Two of our dogs are still crated, every night. Our 10 yr old JRT and our 6 yr old lab. Reason is, they are both girls and used to get into some pretty nasty arguements. 

Our golden has free range of the house (he's 9.5) and always sleeps in our room--on his dog bed beside our bed or on the hardwood floors, if really warm out. He was only crated for the first year, if that. He was an easy puppy to housetrain and train in general.


----------



## JadasMom

OK thanks everyone!! It seems like the norm is to crate until house broken and until you feel comfortable with your dog having free roam of your house. That is exactly what I did with my last dog. Thanks again!


----------



## debra1704

We never used a crate with our 16 year old dog, who recently passed (and who we had since puppyhood). However, with Winter, we have used it from Day 1, and it has been great. I am unsure as to how long we'll use it, but she's 6 months old now, and she still sleeps in it every night. SHe has a soft bed inside, and goes in there happily at night when we tell her it is "nighty night" time.


----------



## Tennyson

Never had a crate for Mick. Didn't need one. His time-outs were anywhere in the house in a sitting position. He always slept where he wanted to. Still does. On his blankie next to my bed.


----------



## Nyahsmommy

We never crated Nyah at night. Her bed is next to ours and she sleeps on it all night until we wake up.


----------



## JadasMom

Hmmm... Interesting how some people don't use crates at all. A few people I talked to made it seem like "IT'S A MUST!" I never even considered it a possibility to not crate train my puppy... decisions, decisions...


----------



## wmag

Kasey slept in her crate up until she was almost a year old. We tried to let her out at 7 months but she would not settle down. Everytime I wake up in the night she is in a different spot. We still have not taken her crate apart because she needs it when we go out and she sometimes likes to sleep in it at night. I close my bedroom door so she can't get out. I have 2 cats and I think she would spend the whole night chasing them or eating their food! A crate was a must for us or I think Kasey would have eaten most of our house!


----------



## Rainheart

I have a crate still set up in my room for Beamer, but he almost never sleeps in it now (mostly on my bed or the floor). He still always has the option to lay in there if he wants to, though. We stopped crating at about 5 months at night.


----------



## GoldenMum

I have always used a crate until I felt the dog trustworthy on housebreaking. My newest member, Skyler sleeps on my bed by my feet at night (7 months old). I have starting leaving her loose when I'm gone for short periods, but she had a toilet paper confetti party the other day......so back to the crate she goes!


----------



## dezymond

Yes. He knows the crate is for sleeping and eating, but pretty much hates it when he's awake or has to go in while we're away or can't watch him. He'll tolerate it, but I can tell mine doesn't enjoy it. Lack of consistency on my part, but he's a great puppy for 12 weeks and hasn't caused any trouble in the house. Just happy he'll go in on his own, after some coaxing, but he knows that's where he goes for sleep.


----------



## newport

At 11 months old - when I adopted Lola.... I think the people who owned her STILL put her in her crate.... from the first night I had her she has been sleeping on the floor on her own dog bed by our bed at night. I see no reason to crate a grown dog.


----------



## Willow52

I only used the crate until they were dependable enough to have free roam of the house day & night. Depends on your particular situation really, there is no right or wrong answer.


----------



## newport

Willow52 said:


> I only used the crate until they were dependable enough to have free roam of the house day & night. Depends on your particular situation really, there is no right or wrong answer.

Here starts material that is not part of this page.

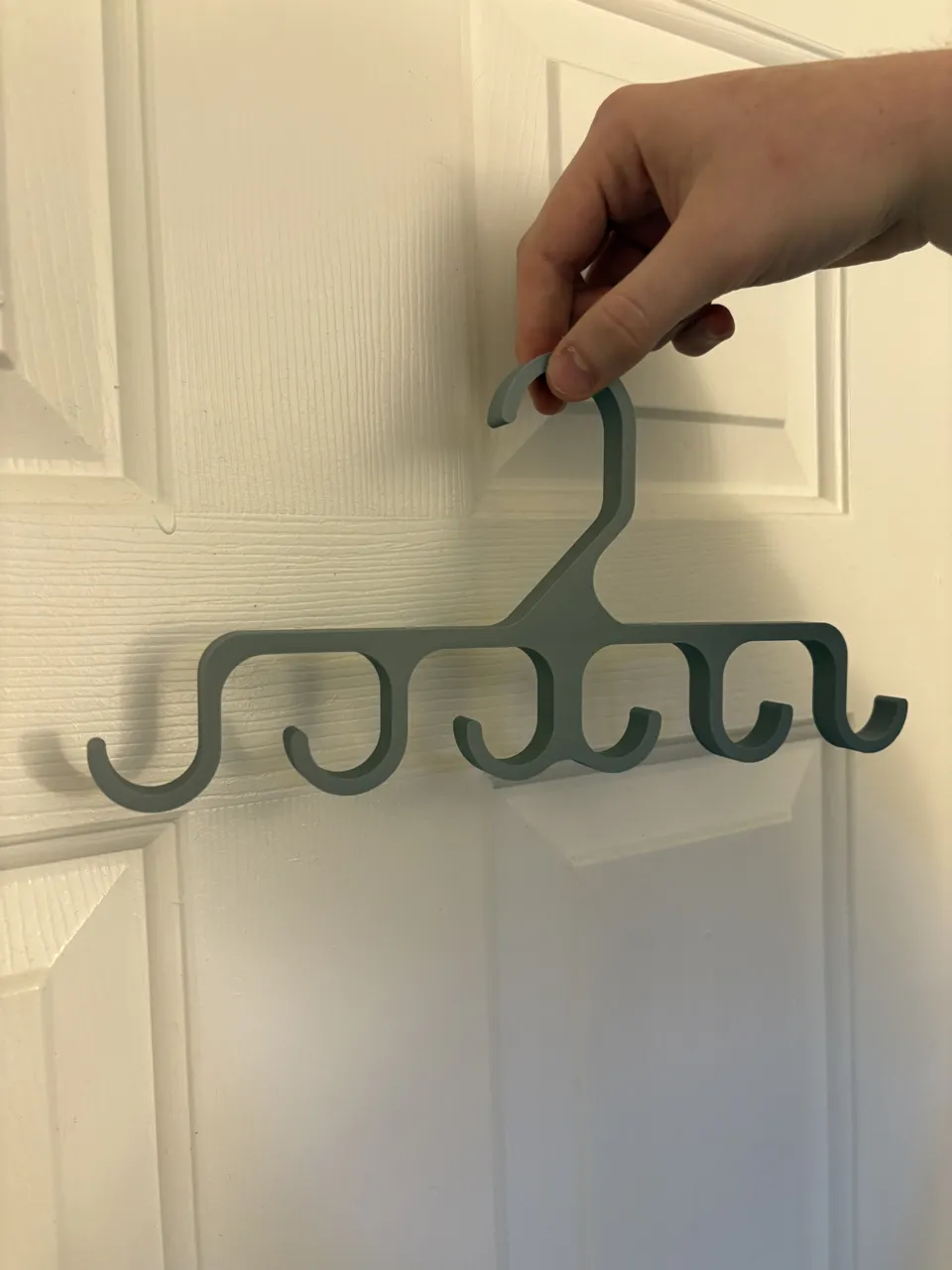 Hat Hanger view 2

 Yes I totally agree. You will know the time when the dog is able to roam the house without getting into trouble.


----------



## Max's Dad

Max has never slept in a crate, or even seen one. From day one he slept in our bedroom, at first on the bed. I had to lift him up there. Now he sleeps on the floor between the bedroom/bathroom, and gets up on the bed periodically through-out the night. Our bedroom has a sliding glass door to the backyard, if he asks to go out. He has never had an accident in the bedroom.


----------



## nolefan

One of the nice things about crating at night is never finding out the next day that my dog was sick sometime during the night and that I didn't know. With a crate in my room, I can get him outside usually before a mess and if I was sleeping hard, then at least it's easier to clean up.


----------



## Deber

Until the goldens came into our life, I had never crated a dog, but because it was the norm for so many I crated both the pups until they were housetrained and gates installed in the part of the house that is theirs during the day when we are at work. But when an emergency happened in my family I had to take the dogs to the Vets overnight. Both were crated and though they hadn't been in a crate in some time, they both were happy and settled right away. I was so glad they had their early time in a crate so were unafraid. 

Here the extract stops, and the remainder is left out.